## Dataset content:
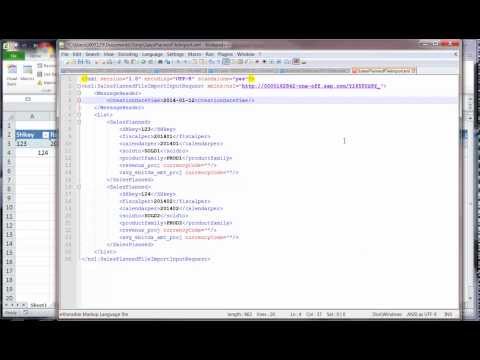 How to use .XSD file in Excel to create data XML files for File Input in SAP Cloud Apps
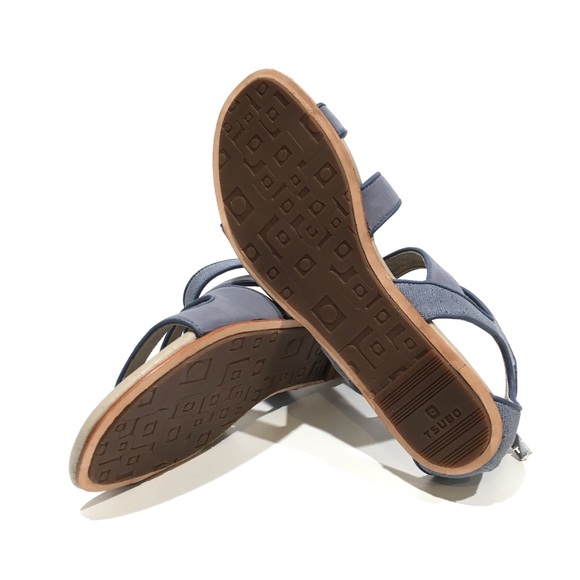 Tsubo Barbra Strappy Women’s Sandals -Blue Steel Suede -US 7 -NEW - Picture 6 of 7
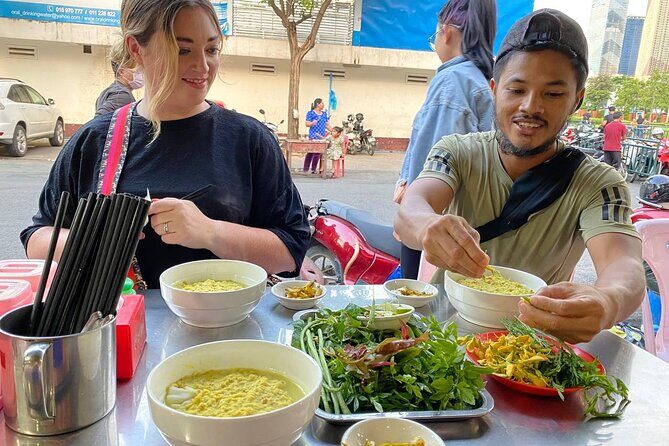 Phnom Penh Authentic Evening Food Tour 100% By Local - Stop-by-stop: the dishes you’ll actually taste (and what to watch for)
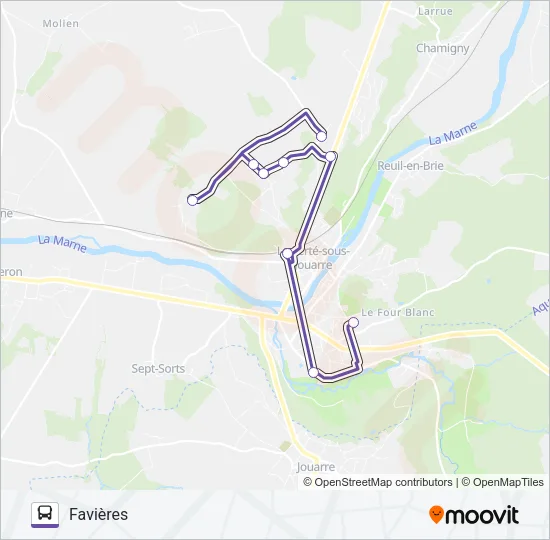 31S(2481) Bus Line Map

## How to complete this task:
Copy out the full material exactly. Pictures should not appear in it.

## Result below:
 How to use .XSD file in Excel to create data XML files for File Input in SAP Cloud Apps
 Tsubo Barbra Strappy Women’s Sandals -Blue Steel Suede -US 7 -NEW - Picture 6 of 7
 Phnom Penh Authentic Evening Food Tour 100% By Local - Stop-by-stop: the dishes you’ll actually taste (and what to watch for)
 31S(2481) Bus Line Map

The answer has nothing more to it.